Grouping with parentheses

# Matches ab and then 1 or more c:
re.search(r"abc+", "abcccccc")  ## Matches abcccccc


# Matches 1 or more of the exact string abc:
re.search(r"(abc)+", "abcabcc")  ## Matches abcabc


# Matches abc or xyz
re.search(r"(abc|xyz)", "xyzabc")  ## Matches xyz

Character groups

# Period matches any character
re.search(r".", "abc")  ## Matches abc.

# Matches 1 or more alphanumeric characters in a row:
re.search(r"\w+", "abc")  ## Matches abc.

# This is roughly equivalent to the above, but \w is more permissive
# with Unicode:
re.search(r"[a-zA-Z0-9_]+", "abc")  ## Matches abc


# Matches 1 or more digits:
re.search(r"\d+", "a000b")  ## Matches 000


# Matches any kind of whitepace

re.search(r"\s", "a b") 

Some special characters

Matcher objects are True in conditionals

Conditionals are very common environments for regexs, since one is very often testing strings based on the regex pattern:

if re.search(r"L", "aLa"):
    print("Match!")
else:
    print("No match!")

Capturing groups and match objects

m = re.search(r"(R)", texts[0], re.I)

m.start() ## First index of the match

m.end()  ## Final index of the match

m.groups() ## Returns ('R',)

Compiling regular expressions

regex = re.compile(r"a+", re.I)

regex.search("bAab")

Regexercises

All of these should be run on 'unix-words-en.txt' using egrep:

unix_filename = 'unix-words-en.txt'
  1. Words that begin with a capital letter.

    r"^[A-Z]"

  2. Words that contain a medial capital letter.

    .[A-Z]. or .+[A-Z].+ if you need to match the entire string.

  3. Words that contain a hyphen.

    - or .*-.* if you need to match the entire string.

  4. Words that begin with exactly two consonants, end with exactly two consonants, and have exactly three vowels ('a','e','i','o','u') in between. Case-insensitive.

  5. Words that end either in 'ous' or in 'ary'. Case-insensitive. (How many of these are adjectives derived from nouns?)

  6. Words that contain the vowels 'a', 'e', 'i', 'o', and 'u', in that order, perhaps with other characters in between. Case-insensitive.

  7. Same as above, but make sure the other characters aren't vowels.

  8. Words with an even number of a's in them (0, 2, 4, ...). Case-insensitive.

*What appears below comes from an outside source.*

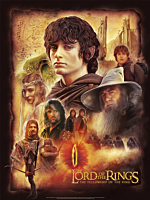 The Lord of the Rings - The Fellowship of the Ring Fine Art Print by Rich Davies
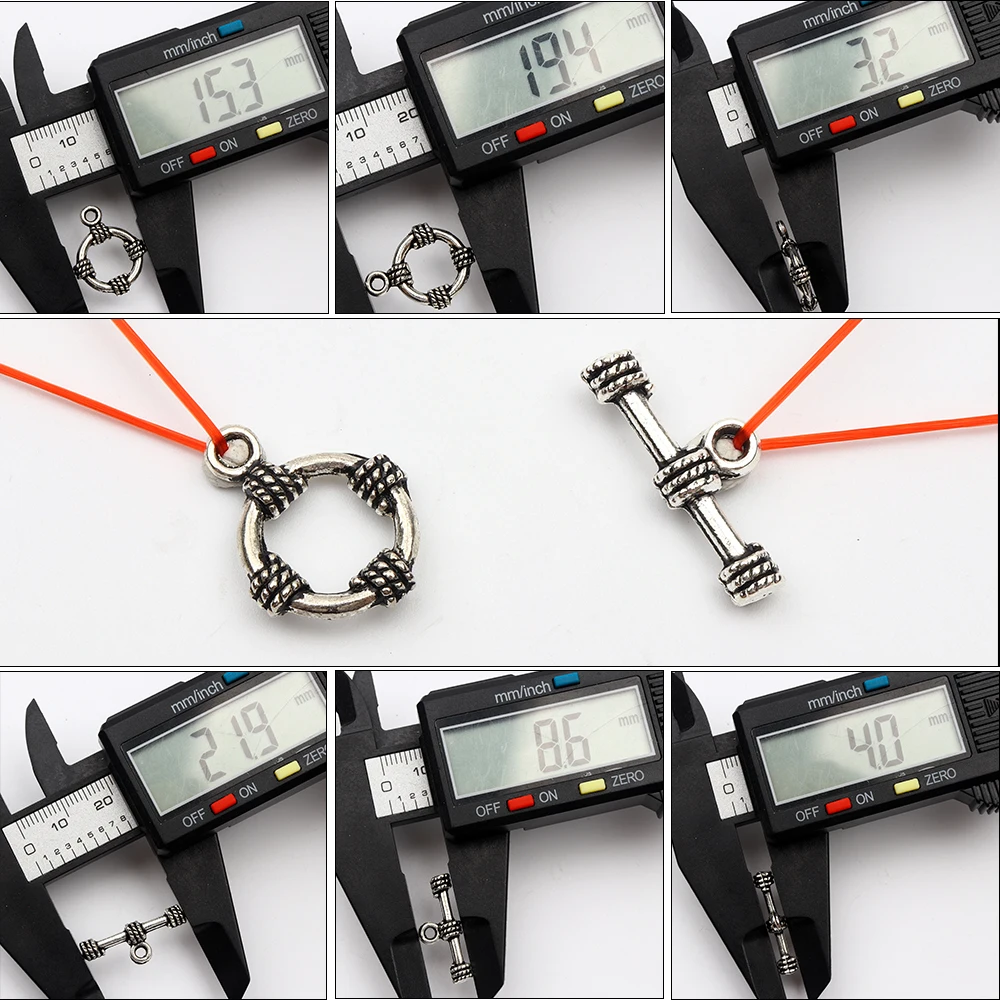 18 Arten gemischter Antik-Silber-Metallarmband-Verbindungs-Haken-OT-Verschlüsse für die Schmuckherstellung, DIY-Zubehör, Großhandelslieferung – Detail 12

  9. Words that begin and end with the same letter. (For this, you need to use capturing groups: re.compile(r"(.)x\1") is a regex for any string containing a character, 'x', and then the first character again.)

  10. Words with the longest sequence of the same letter in a row in the data. Case-insensitive.

  11. Words that have two or more dotted letters in a row. Case-insensitive.

  12. Same as the above, but allow hyphens between the dotted letters, and don't count hyphens towards the length.